== PROMPT ==
Write out each line of the material exactly as given, and drop the images.

== PROVIDED DATA ==

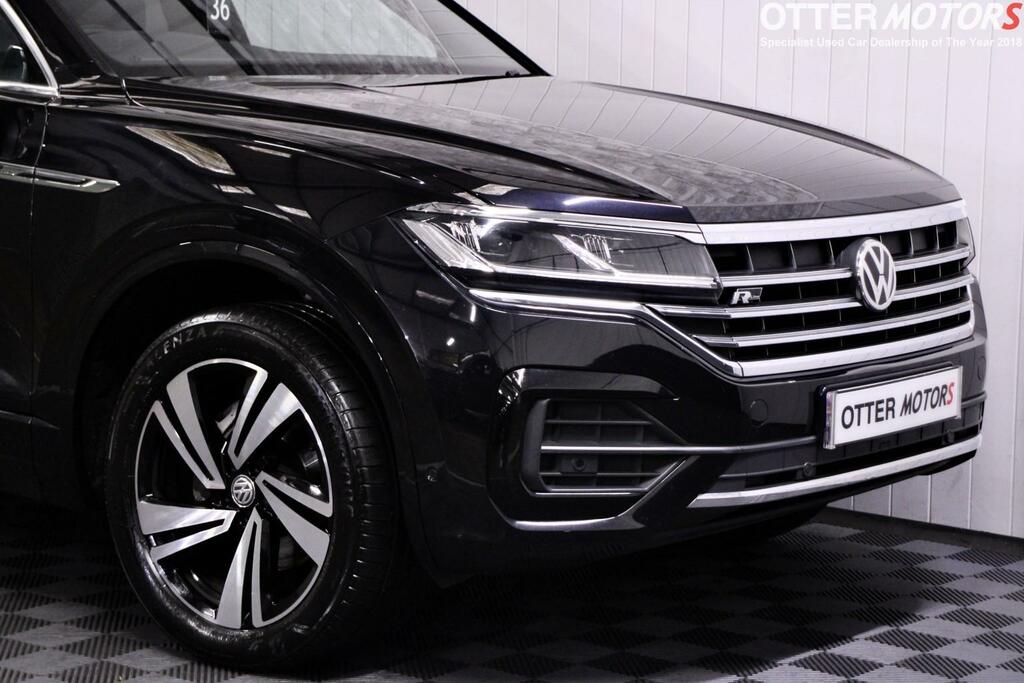 Volkswagen Touareg White #16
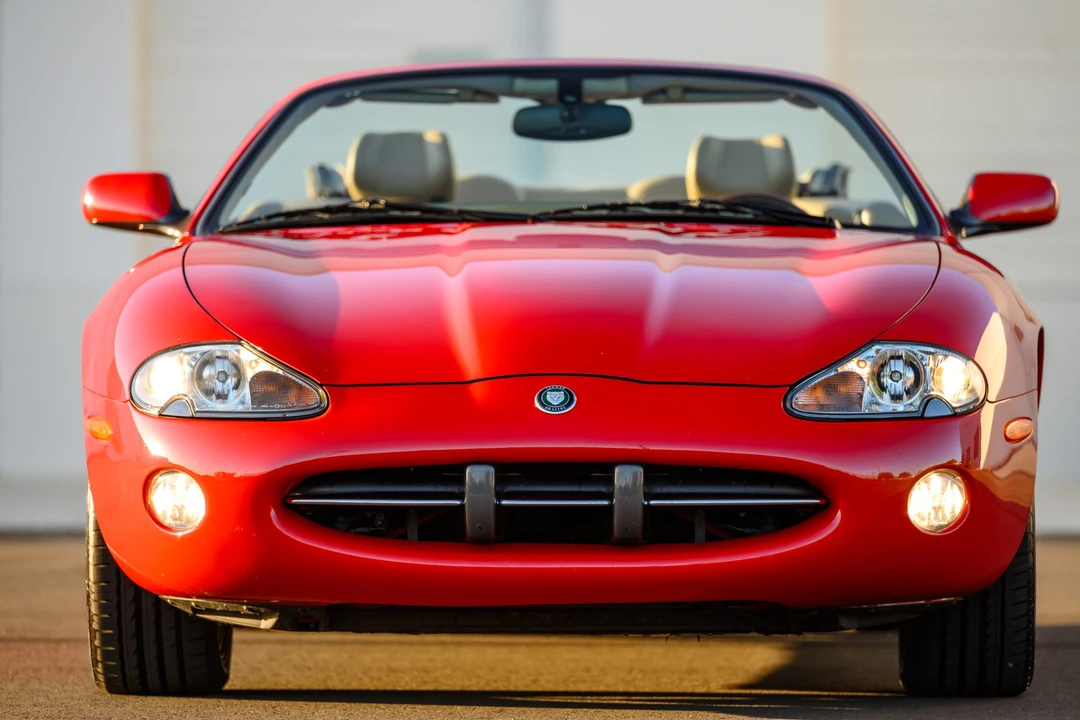 2001 Jaguar X100 XK8 - Image 8 of 31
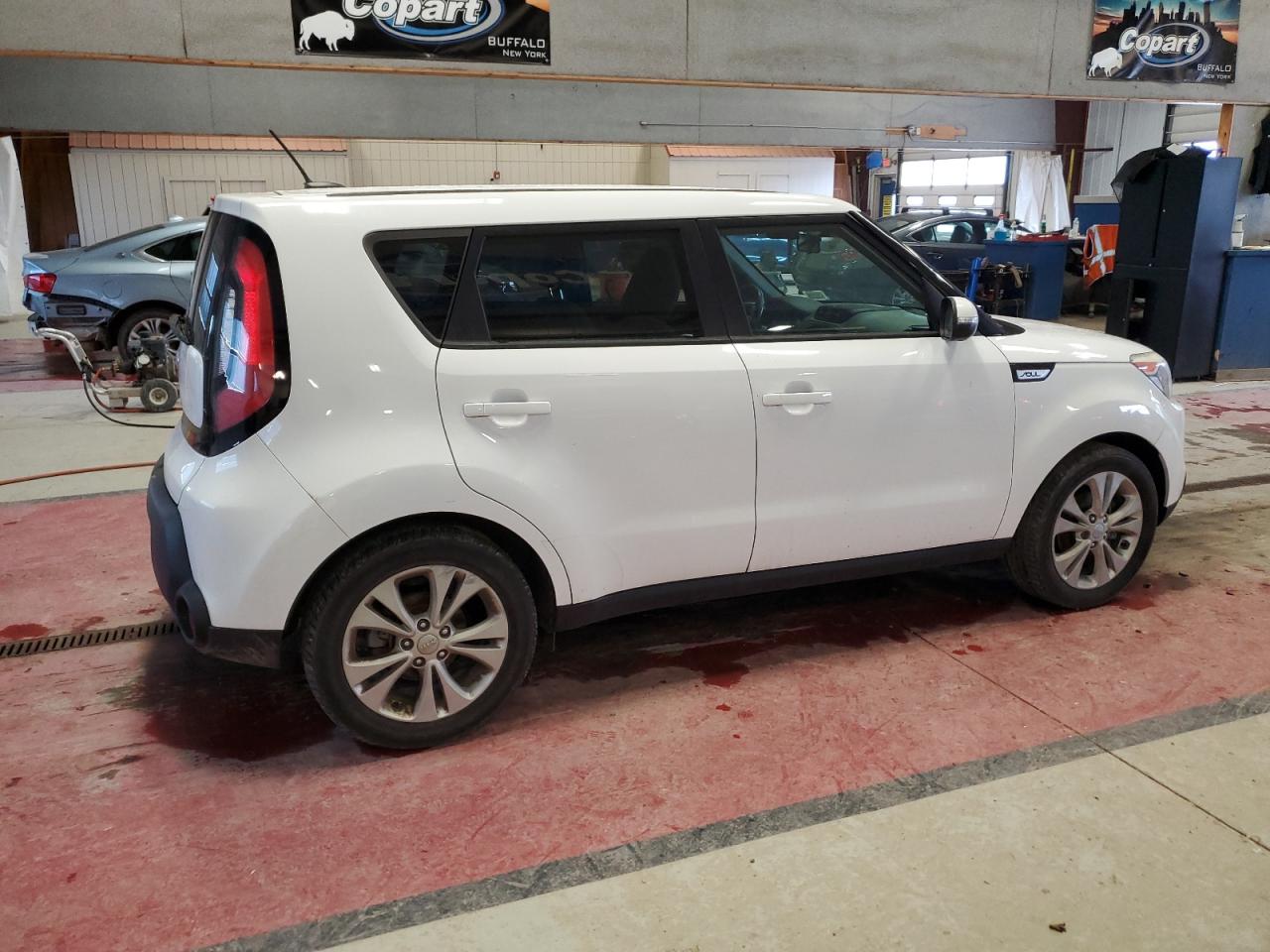 Photo 2 VIN: KNDJP3A53E7021130 - KIA SOUL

== RESULT FOR THIS EXERCISE ==
 Volkswagen Touareg White #16
 2001 Jaguar X100 XK8 - Image 8 of 31
 Photo 2 VIN: KNDJP3A53E7021130 - KIA SOUL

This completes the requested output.